Cependant, si l’on suit la théorie quantitative de la monnaie, on devrait alors voir le taux d’inflation exploser une fois la crise terminée. Or, début 2021, ce n’est pas du tout le cas. On observe plutôt des taux d’inflation inférieurs au seuil des 2 % sur le premier semestre de la même année. Mais que s’est-il donc passé ? La réponse est en fait assez simple et elle tient en un sigle : BRICS (Brésil, Russie, Inde, Chine et Afrique du Sud). En effet, l’émergence de pays comme le Brésil, l’Inde et surtout la Chine ont eu pour effet d’augmenter l’offre à destination de l’Europe beaucoup plus vite que la demande. La Chine notamment dispose de surcapacités de production, avec un prix du travail défiant encore à ce jour toute concurrence européenne. Elle est donc à même d’inonder les marchés occidentaux de biens peu coûteux et ainsi de concurrencer les entreprises européennes.

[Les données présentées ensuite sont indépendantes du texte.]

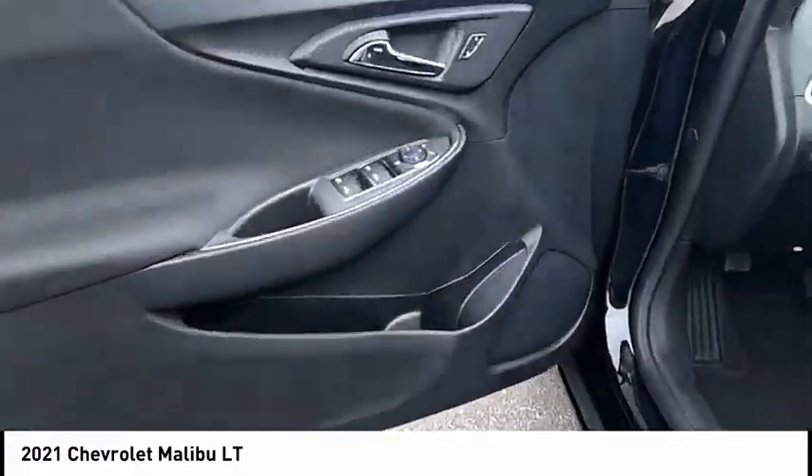Take this vehicle for a spin and see why so many shoppers are now proud owners.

La guerre en Ukraine marque le retour d’un seuil inflationniste contesté
Il faudra attendre la montée des tensions entre l’Ukraine et la Russie durant le dernier semestre de 2021 pour voir l’inflation repartir à la hausse sur les denrées alimentaires et l’énergie. C’est aussi à ce moment-là que la BCE se décida à remonter petit à petit son taux directeur jusqu’à atteindre le niveau historique de 4 % fin 2023.
Face à cette intransigeance, nombreuses sont les voix s’élevant en faveur d’un seuil revu à la hausse. A titre d’exemple, le prix Nobel d’économie Paul Krugman statuait en 2022 pour un objectif d’inflation relevé autour des 4 % (pour le cas de la Federal Reserve, FED, dont la BCE s’inspire), défendant le fait que cela permet de « lubrifier » l’économie et faciliter les ajustements économiques lors des périodes de récession.
Voilà donc pourquoi, au cours de ces deux dernières années, l’emprunt en Europe est devenu de plus en plus cher. Si le récent choc de la crise sanitaire a prêté à confusion de par ses risques déflationnistes, c’est la BCE qui est rassurée de voir que sa politique monétaire peut encore exclusivement se reposer sur une équation quelque peu poussiéreuse et un seuil contestable. D’ici là, avec des prises de position européennes timides sur le conflit israélo-palestinien, la menace d’un nouveau choc pétrolier plane. Celui-ci viendrait alors enfoncer le clou de l’inflation et probablement alarmer la BCE sur sa politique monétaire, marquant une hausse encore plus forte des taux d’intérêt.